As this article notes:
"People give campaign contributions and expect things in exchange," he said. "It's all perfectly legal."

So it's a given that politicians sometimes indulge in a form of give-and-take.

"Deals are made all the time in politics," said Daniel Lowenstein, a professor at UCLA Law School. "Our system couldn't operate without it."

I think in this case, the veneer of objectivity is a useful line in the sand. We all understand that in business, or politics, making a decision that generates a lot of revenue for someone implies a favor was given, and one is expected in return. But to say that explicitly really takes the situation in a bad direction.

2 comments:

Anonymous said...

Blagojevich seems to have modeled himself after a combination of the Sopranos and the Three Stooges.

Anonymous said...

No doubt influence peddling is ineradicable.

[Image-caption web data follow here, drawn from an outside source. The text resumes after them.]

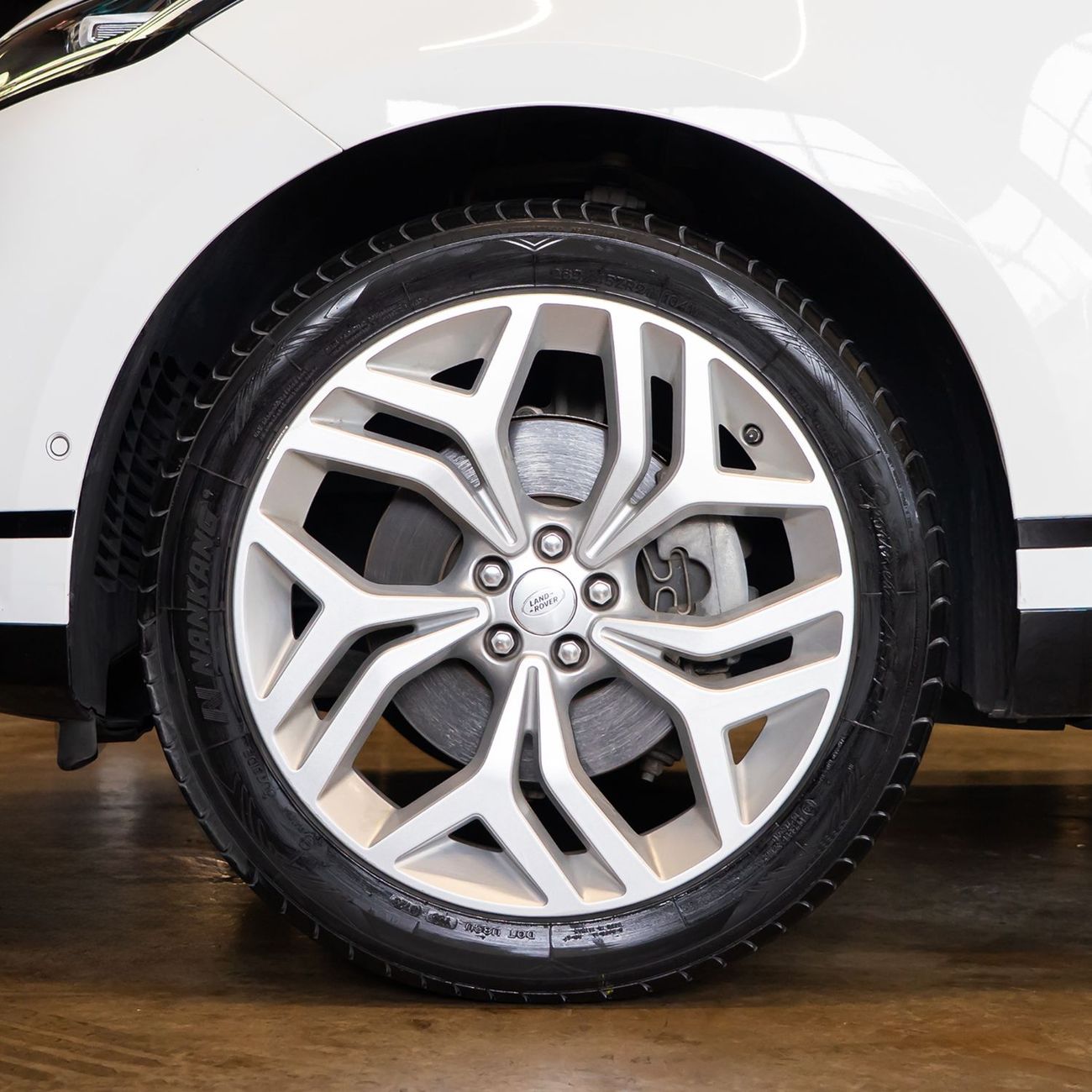 Land Rover Range Rover Velar P250 R-Dynamic SE 2.0L AED 2,490 pm  • 0% Downpayment • Velar P250 SE R-Dynamic • 1 Year Warranty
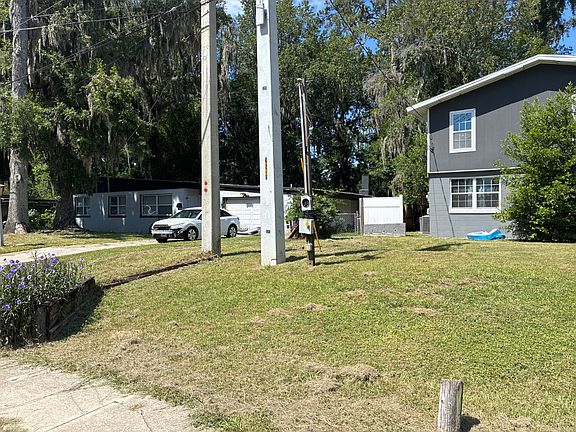 3rd image of 10562 Rutgers Rd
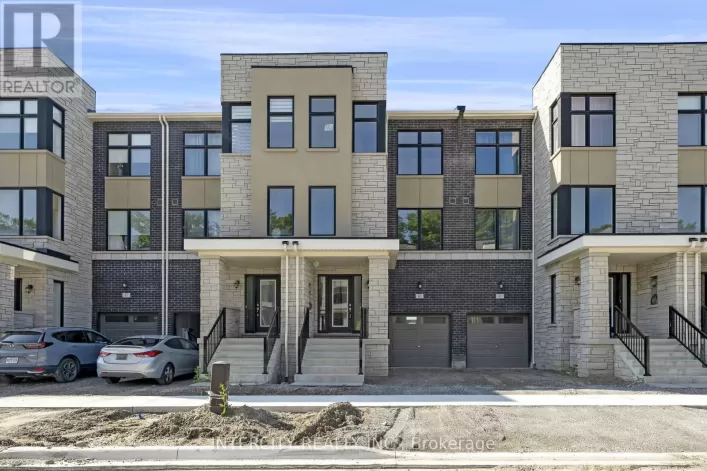 83 PUISAYA DRIVE, Richmond Hill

What I hope for is politicians who keep it within some rational bounds. Politicians who come from a successful career can say no more often because they don’t need the job and are more likely to be “in it” to campaign for principles. Lifers- the guys on the High School student body, campus politics, gopher party jobs, adoption by local kingpin career path-- are the absolute worst. There is no higher idea than to get the next position and no circumspection in selling influence. Exceptions abound, but I think this is generally true.

If you live in a “termed out” state, its pathetic watching these politicians chasing the next seat, horse-trading (I’ll move to county supervisor and hand you my School Board seat if you get my wife a do-nothing at HQ).